There is a formula that we’ve found to be helpful and that may serve you as well:
# of Streams x 120% x Size of Average Family
The reason we go with the number of streams per service is because we truly have an online campus through our website—we don’t just park our service out there for anyone to access at any time. We offer set service times, all hosted by pastors and staff in the chat room.
Why multiply by 120%? Well, Google currently estimates that between 11 – 29% of people streaming your service are not allowing cookies. In other words, they could be streaming you and you would never know it. So, we just split that percentage in half and multiply our streams by 120% (e.g. 1000 streams x 120% = 1200) to capture the “hidden” 20% who aren’t being tracked.
And finally, the size of the average attending family will likely vary from church to church depending on the average age of your congregation and the average size of the families who are a part of it.
There’s more that I could go into here, but if you are only holding services online right now, this formula can help give you a picture of just how many people are attending your online services.
Well, next, in terms of giving, obviously it’s very easy to know whether your giving has increased or decreased. If it’s gone down, is it going to go automatically up when the last vaccine is given?
I don’t think so.
You have to dig deeper into the numbers and try to find out why your giving went down.
Did core donors stop giving? If so, why?
Did they leave your church during the shut-down?
Did they lose their job?
Did they have a massive drop in income?
If your giving went down, and you have any kind of database, dig in. Find out the nature of your drop in giving. It may be discouraging, but facts are your friends.
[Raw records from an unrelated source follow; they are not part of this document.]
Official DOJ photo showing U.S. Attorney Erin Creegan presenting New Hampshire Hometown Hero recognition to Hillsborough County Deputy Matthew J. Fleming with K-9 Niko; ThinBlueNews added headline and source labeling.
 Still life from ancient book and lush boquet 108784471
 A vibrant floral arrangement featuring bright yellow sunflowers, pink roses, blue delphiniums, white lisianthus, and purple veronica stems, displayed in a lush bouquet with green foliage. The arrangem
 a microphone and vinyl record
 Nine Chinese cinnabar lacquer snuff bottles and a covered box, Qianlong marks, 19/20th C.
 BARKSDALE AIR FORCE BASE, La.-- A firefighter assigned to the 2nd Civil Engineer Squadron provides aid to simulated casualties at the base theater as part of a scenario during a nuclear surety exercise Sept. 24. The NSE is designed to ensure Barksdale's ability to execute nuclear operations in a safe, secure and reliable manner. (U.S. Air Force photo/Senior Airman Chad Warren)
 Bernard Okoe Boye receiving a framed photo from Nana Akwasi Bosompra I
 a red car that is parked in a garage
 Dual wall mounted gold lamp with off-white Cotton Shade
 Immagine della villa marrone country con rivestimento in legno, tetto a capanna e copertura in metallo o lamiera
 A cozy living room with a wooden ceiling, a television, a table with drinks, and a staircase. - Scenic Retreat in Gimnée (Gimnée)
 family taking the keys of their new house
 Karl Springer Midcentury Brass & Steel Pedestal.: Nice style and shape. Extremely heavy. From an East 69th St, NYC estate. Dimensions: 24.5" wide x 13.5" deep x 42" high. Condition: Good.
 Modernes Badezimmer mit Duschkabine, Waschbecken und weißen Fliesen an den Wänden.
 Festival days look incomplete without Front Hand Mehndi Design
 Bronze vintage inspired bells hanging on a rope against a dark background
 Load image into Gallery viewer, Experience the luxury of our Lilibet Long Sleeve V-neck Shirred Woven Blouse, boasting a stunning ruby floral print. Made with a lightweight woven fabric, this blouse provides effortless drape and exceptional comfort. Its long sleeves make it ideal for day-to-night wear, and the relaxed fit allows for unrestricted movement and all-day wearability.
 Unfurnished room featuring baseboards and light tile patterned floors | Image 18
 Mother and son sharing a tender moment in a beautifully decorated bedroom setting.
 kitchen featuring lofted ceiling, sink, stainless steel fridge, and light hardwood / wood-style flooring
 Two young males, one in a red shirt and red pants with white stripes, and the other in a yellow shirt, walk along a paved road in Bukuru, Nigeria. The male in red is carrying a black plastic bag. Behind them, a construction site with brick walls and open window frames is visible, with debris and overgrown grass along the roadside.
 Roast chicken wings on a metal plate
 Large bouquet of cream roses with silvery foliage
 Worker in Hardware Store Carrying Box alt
And finally, if you’ve remained online only this past year, analyzing how many people have shown up when you’ve had in-person events – drive-thru events, outdoor concerts, etc. – is a great indicator of how many people you can expect to return when you reopen for in-person services.
All to say, if your church has trended south in one or more of these areas – online size, giving and in-person events – and you’re burning through reserves, or hoping for an immediate uptick when herd immunity is gained, I wouldn’t try to simply hope for the best. The prudent thing would be to prepare for, again, a new normal – even if for a season – where you will be where you are right now. Which means you should be adjusting to where you are right now for a season of rebuilding.
And realize the pressing need for long-term thinking.